Il primo Remnant: From the Ashes è stato un piccolo successo, con una nicchia di fedelissimi entusiasti del gioco. Non ha purtroppo fatto “il botto”, ma poco male visto che, nel momento in cui scrivo, il secondo sta finalmente facendosi largo a spallate uscendo dalla sua nicchia in un momento storico peraltro ricchissimo di uscite. 
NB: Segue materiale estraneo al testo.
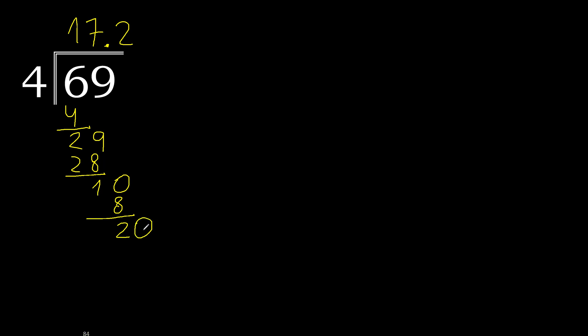Always complete with 0, point is here, 20. 4 multiplied by 5, 20, subtract 0.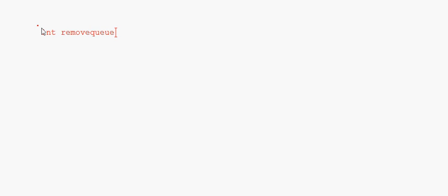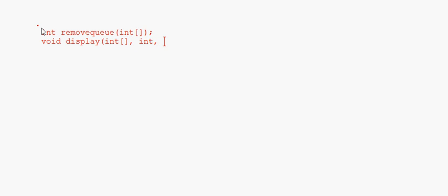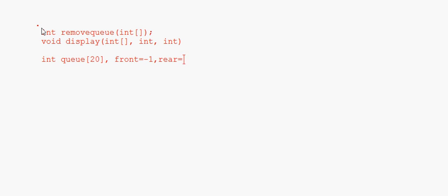Now let's look at the C++ function. The prototype is 'remove(q)' — you just need to pass the integer array. No need to pass front and rear separately since deletion always happens from the front. We define the queue array of size 20 and declare front and rear as global variables initialized to minus 1.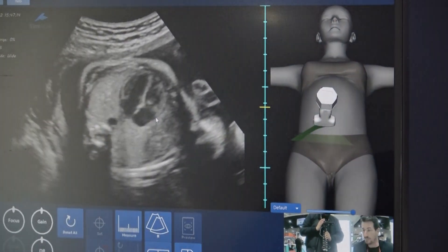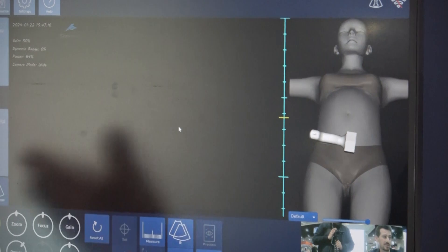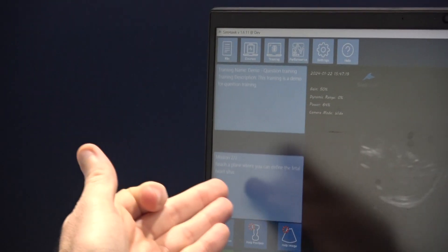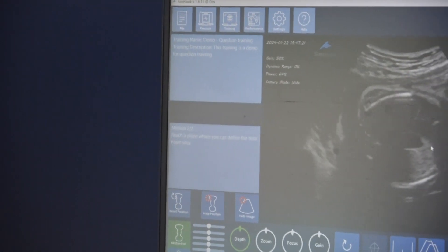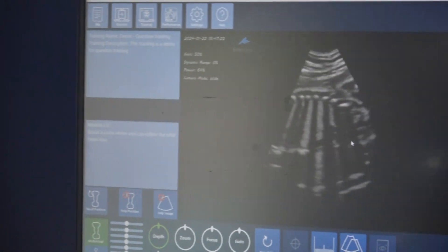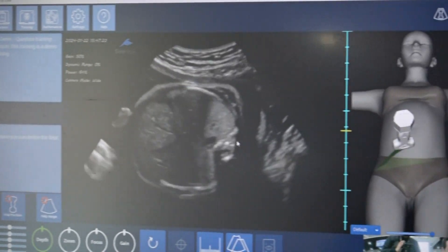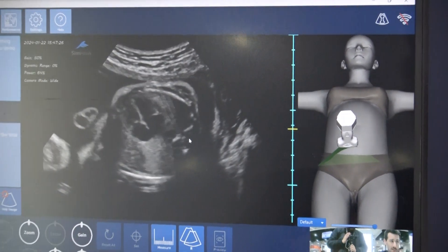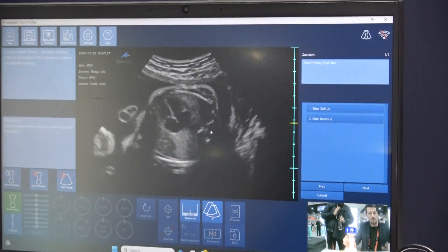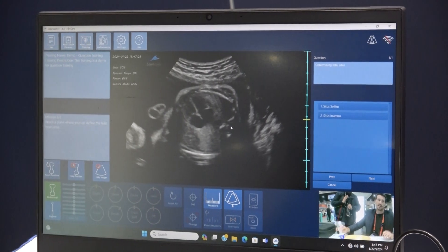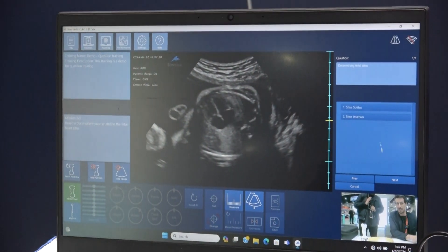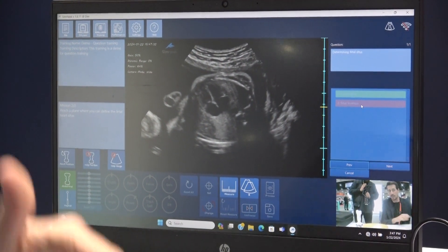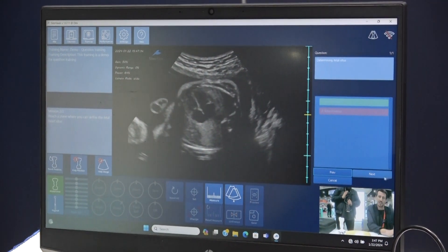The second mission now is to reach a plane where you can define a fetal heart series. I know I need to go 180 degrees, and this is a good view that I would like to get. I will save it. Another question: determine the fetal situs. If I give the wrong answer, it will tell me I'm wrong and give me the right answer.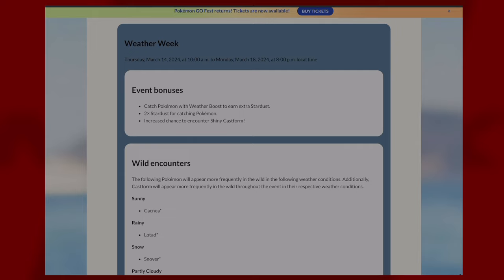Welcome back to the channel. Today we're talking about the Weather Week event in Pokemon GO. This event starts Thursday, March 14th at 10 a.m. and runs until Monday, March 18th at 8 p.m.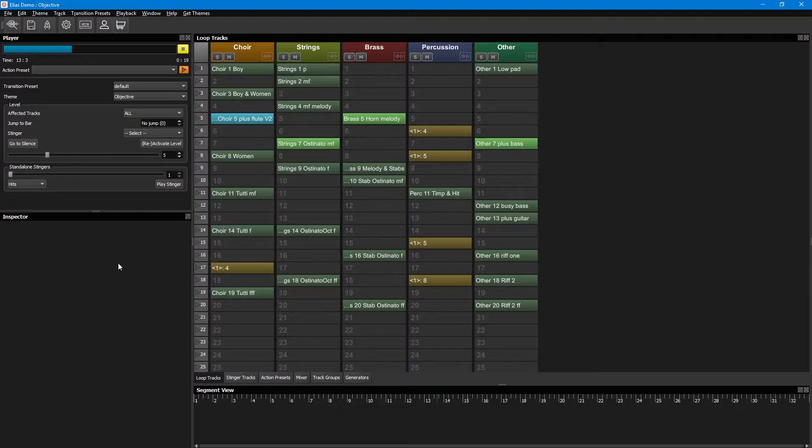This way, it's not going to sound like a simple fade, but more like someone is actually playing that change. But more about this in our later tutorial about transition settings.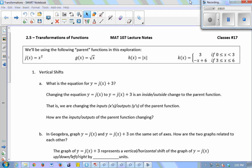We're going to be using these four parent functions, and we're going to be graphing their children. So we have these four parent functions and we're going to build other functions from them that we'll call their children. We've got x squared, square root of x, absolute value of x, and this piecewise function: 3 and negative x plus 6.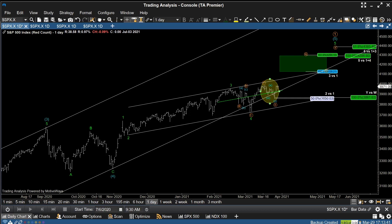We've since seen about a 2% rally, and I want to now bring you up to speed with what I think has transpired out of the orange wave 2 low and try to pinpoint a potential entry opportunity for continuation.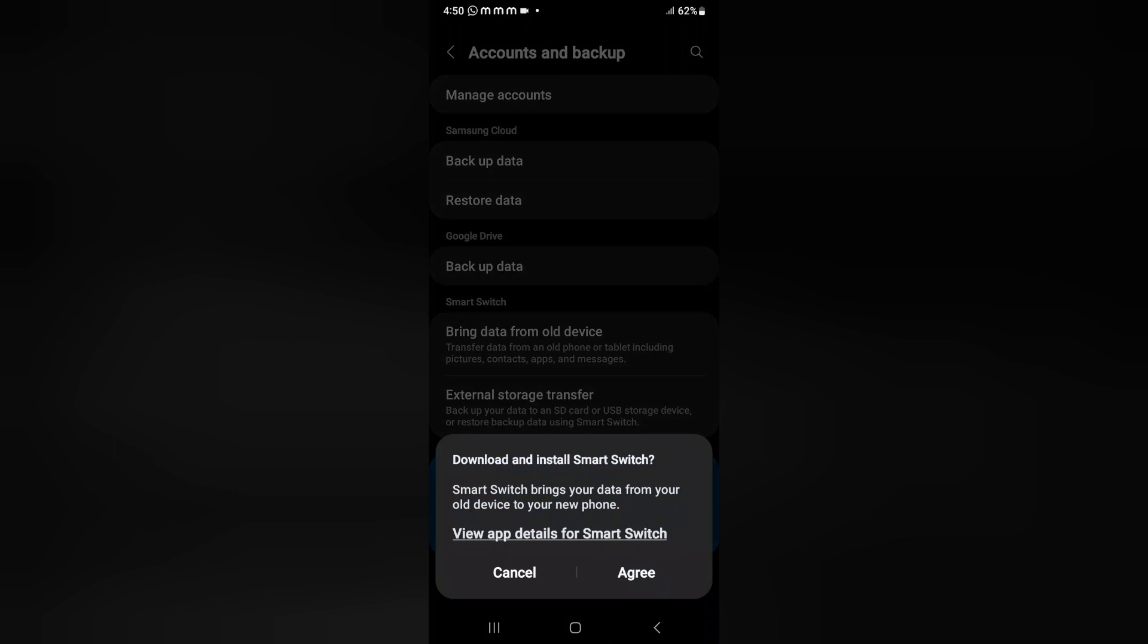After that, here you can see download and install Smart Switch. Smart Switch brings your data from your old device to your new device. You can view app details for Smart Switch by just clicking here.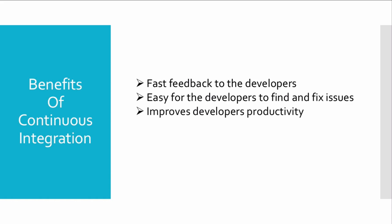It also improves developers' productivity because it's an automated process. The moment developers put their changes in the SCM tool, it is automatically verified and within minutes the developer gets feedback if something is wrong in the code.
Gunfire Games aveva già dato prova delle sue capacità con l’ottimo Darksiders 3 e le sue timide aperture al mondo dei soulslike, nonostante prendesse le mosse da una serie che di soulslike non aveva assolutamente nulla. Remnant: From the Ashes era un nuovo passo nell’individuazione di un modo che mi sentirei ora di definire “à la Gunfire” di intendere il soulslike: immaginate il sistema di navigazione e di esplorazione tipico degli ARPG di From Software e aggiungetegli la randomizzazione degli ambienti di gioco, un sistema di combattimento da third person shooter preponderante rispetto al combattimento all’arma bianca e un’importante (ma non obbligatoria) componente multiplayer. Infine immaginate un background narrativo di genere post-apocalittico che accarezza diverse sfumature della fantascienza, dal weird alla space opera, per avere un quadro completo di come Gunfire Games non abbia assolutamente provato a giocare in maniera sicura come chiunque altro si sia affacciato al mondo dei soulslike, ma anzi abbia preso un qualcosa di familiare per costruirci sopra un prodotto che in definitiva risulta essere assolutamente altro in confronto a quello che ci si potrebbe aspettare rispetto a uno sparatutto soulslike.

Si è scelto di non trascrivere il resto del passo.